Asia Local Bonds’ Yanked Yields

The Asian Development Bank’s March regular survey of nine domestic bond markets, with insights from the last quarter of 2017 through February, alerted the region to higher long-term government yields and private financial stability concerns around global central bank liquidity retreat and economic growth uptick. Market size topped $12 trillion at year-end, and mainland China accounted for half of final quarter issuance as the government-corporate split stayed 65%-35%. It is 70% as a portion of East Asia GDP, and net overseas investor inflows were strong, with Malaysia in particular benefiting while Korea was the exception with outflows. From December- February 10-year instrument rates rose everywhere but in Vietnam’s smallest $50 billion. market.

The report suggested that Japan’s March decision previewing 2019 monetary policy “normalization” with the US and EU would reinforce this trend, alongside the region’s steeper 3% inflation forecast with another year of 6%-range output expansion. It noted that 2-year yields briefly fell with portfolio rebalancing, and that Malaysia’s foreign ownership share increased to 30% as the central bank hiked rates in January. Tightening will support currencies but hurt stocks as valuations also adjust to better reflect corporate earnings, and investors “closely monitor” listed company debt-equity ratios. The ADB warned at the same time that rapid corporate bond and household loan accumulation could dent consumption and balance sheets and pose financial crisis risk, while global trade is also under an internal and external competitive and policy vise. It urged greater deleveraging and anti-inflation stances for more solid medium-term bond markets even as the current “foundation” is intact, and cited studies associating private debt overhang with asset price and growth collapse.

China is 70% of the total outstanding and quarterly growth has been around 5% as officials impose credit restraint, including a local government placement ceiling. Second place Korean activity was flat after the central bank lifted the policy rate in November. Thailand is ASEAN’s largest market at $350 billion, with Malaysia slightly behind as the Islamic sukuk leader at 60% of its volume often for infrastructure projects. Indonesia is half as large at $185 billion, with shariah-compliant central bank bills a main offering. The Philippines $110 billion market increased most among the group in the final 2017 quarter, with retail Treasury bonds diversifying from traditional institutional auctions. Corporate activity is minimal there as well as in Indonesia and Vietnam at amounts under $30 billion. On an annual basis East Asia’s local currency pile was up 12%, with Indonesia’s 40% foreign share the highest after another BBB sovereign ratings upgrade in December. At the other extreme international ownership is just 3.5% in China, and 11% in Korea, where outflows spiked on end-year maturities and rate hike expectations.

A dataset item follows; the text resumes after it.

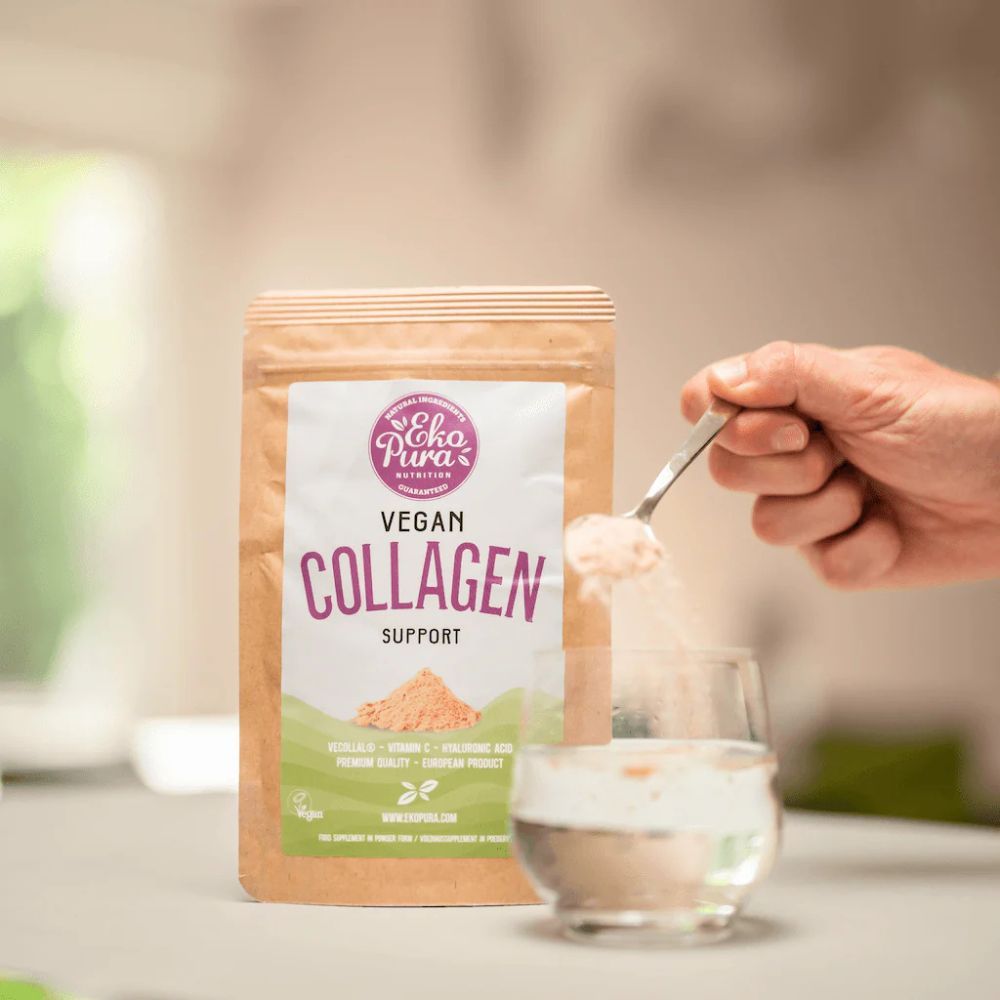 Beutel mit Aufschrift Vegan Collagen Support. Löffel mit Pulver über Glas. Hand hält Löffel. Hintergrund: Küche.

Cross-border transactions in local currency, mostly from China and Hong Kong topped $4 billion in the last quarter, with the Korea Development Bank the single biggest name active in multiple denominations. The Government of Laos completed a $450 million operation in Thai baht and the hydroelectric Nam Ngum 2 Power Project tapped the same pool as the country accounted for 15% of the total. Malaysia’s Maybank sold $150 million in Chinese renimbi and Hong Kong dollar bonds, and Singapore dollar and Philippine peso-denominated ones from other jurisdictions also featured.

Emerging Asia issuance in G-3 currencies was a record $350 billion last year, up from $215 billion in 2016.  The dollar was the 90% choice, and Chinese companies led the pack with $225 billion outstanding although most ASEAN members also participated. China completed a $2 billion sovereign dollar issue, the first in fifteen years, without a credit rating. In China and Korea banks and real estate firms were the most prominent by sector, while Malaysia stood out as a decliner with its ban on offshore ringgitt trading. Spreads were unchanged between prime and low-rated companies over the period, but in a cited initiative Thailand’s securities commission introduced new investor protections in case of default. As the size spectrum from China to Vietnam announced annual borrowing plans, several bilateral and multilateral cooperation pacts on information sharing, trading and currency settlement were inked, according to the review. They may as well be precautionary, and a form of joint leverage against the ADB’s predicted financial version.